Sunday, November 25, 2012


58. Innovation by interaction

In the previous item in this blog I discussed the importance of cognitive distance for learning and innovation, in collaboration between people or organizations. Such distance should be large enough to tell or show each other something new but not so large that there is no mutual understanding and tolerance. How, more precisely, does that work? Here I apply my theory of invention (nr. 31).

In the previous item I also showed that at any cognitive distance, people are faced with the need not only to fit their ideas into one’s own, but also the need to help others to fit one’s own ideas and practices into their cognition. Thus people can help each other to cross cognitive distance and trigger shifts of thought.

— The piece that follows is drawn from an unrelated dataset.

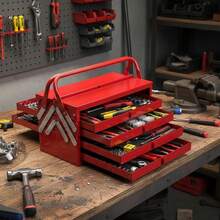 Cantilever Tool Chest 18-Inch For Household Factory Warehouse, 3-Tier 5-Tray Portable Folding Design Metal Handle Lock Hole Powder Coated Steel Red Organizer-XY405050 - Multicolor - View 1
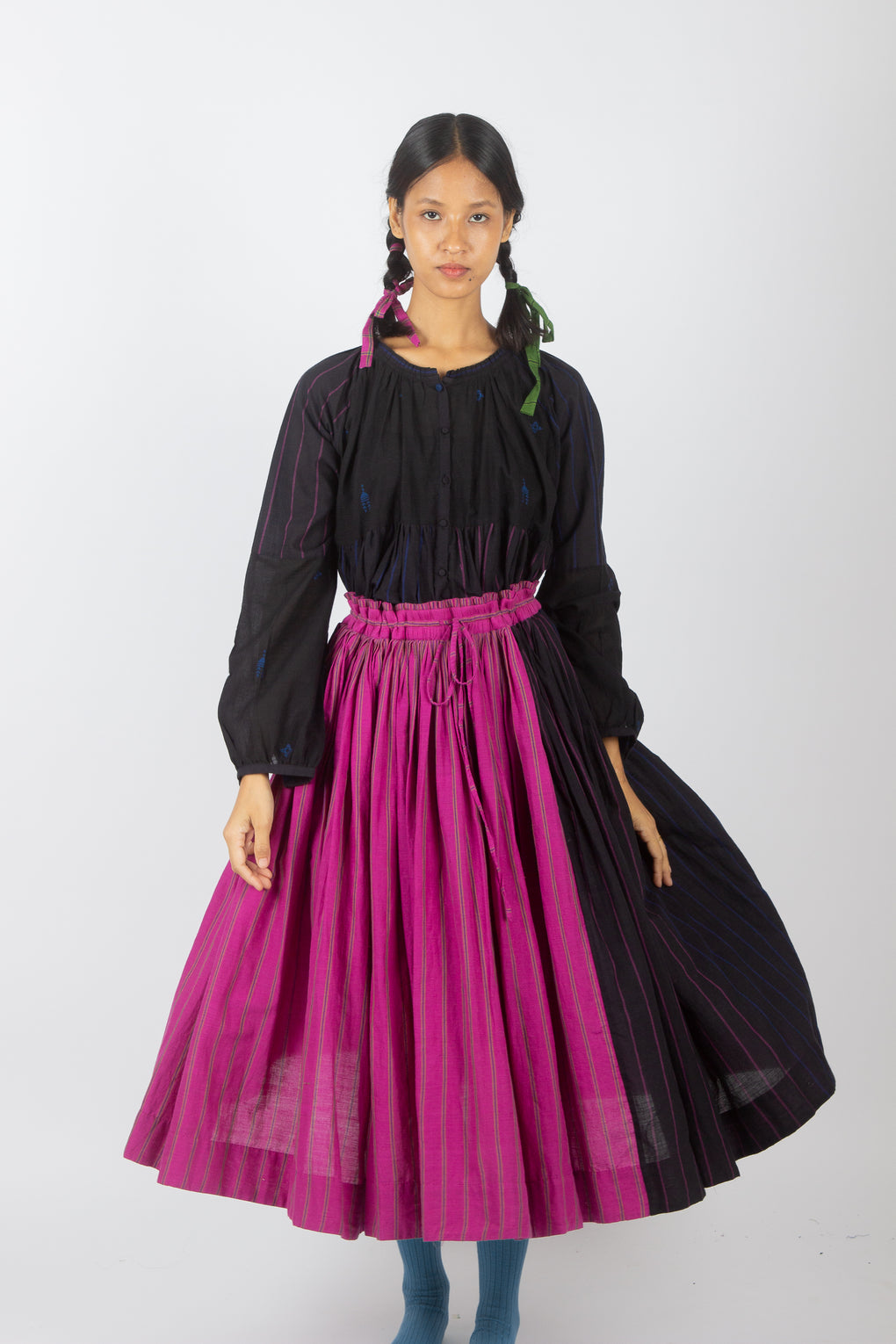 Jamdani eco-friendly black shirt top with skirt flair colorful detailing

In terms of the cycle of invention discussed in item 31, this positing of one’s ideas into the minds of others entails generalization, the attempt to apply one’s ideas into novel areas. Depending on cognitive distance, this yields misfits in understanding that require adjustment. People will try to ‘put it differently’, thinking back to how they came to grips with the idea, what other ideas they tried, and what other ideas are related to it, in their experience. In terms of the cycle of invention, this entails differentiation. As people do this reciprocally, they are stimulated to try and fit elements of the other’s thought into their own thinking, in hybrids of thought and practice (reciprocation), which stimulate a novel integration of joint thinking and action (accommodation).

One can increase abilities to cross cognitive distance by an accumulation of knowledge and experience in the practice of crossing distance.  However, as one accumulates knowledge one needs to search at increasing cognitive distance to still encounter something new, finding fewer and fewer sources of further novelty, and increasingly one has only oneself to counsel. Geniuses and wise people are lonely.

The two-sidedness or reciprocity of the process of learning by interaction yields immense leverage, compared to interaction with non-human nature, since in the mutual adaptation of discourse the ‘receiver’ can shift his stance and outlook to catch a meaning and the ‘sender’ can adapt to such stance in pitching his meaning, and revising his metaphors and bringing in meanings from yet other contexts.

The cycle of invention is my answer to the old problem of object and subject, or of the outside and the inside, as I discussed in item 23. Are objects in the world causes of the cognition of the perceiving subject, in the form of representations in the mind, as empiricism claims, or are objects perceived in terms of prior cognitive categories of the subject (such as time, space and causality), as idealism claims, or are object and subject inseparable (as Schopenhauer claimed). According to the cycle all three are right. Objects are perceived and made sense of in terms of categories employed by the subject but those may be changed (in accommodation) in the process of absorbing perceptions into mental categories (in assimilation).